• _Task description_
In the records below, begin at the line containing "YiTuYu Vol.8664: Kikooo's" and end at the line containing "Haus zum Mieten"; quote every line in that span exactly, including both boundary lines, and no others.

• _Given entries_
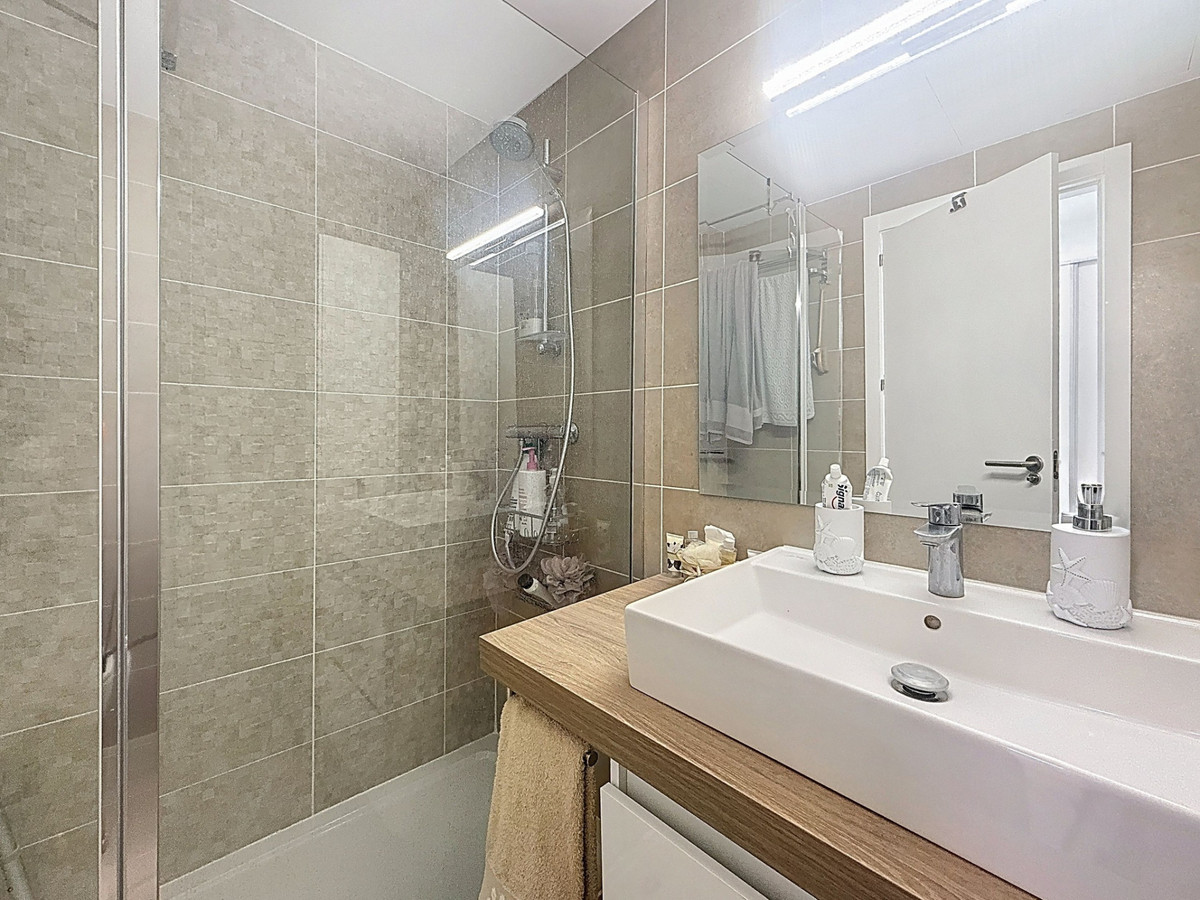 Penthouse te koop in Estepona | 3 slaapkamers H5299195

---

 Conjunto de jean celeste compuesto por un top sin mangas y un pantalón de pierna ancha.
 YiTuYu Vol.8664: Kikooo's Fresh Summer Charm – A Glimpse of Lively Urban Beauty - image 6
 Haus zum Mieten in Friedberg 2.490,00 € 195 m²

• _Answer box_
 YiTuYu Vol.8664: Kikooo's Fresh Summer Charm – A Glimpse of Lively Urban Beauty - image 6
 Haus zum Mieten in Friedberg 2.490,00 € 195 m²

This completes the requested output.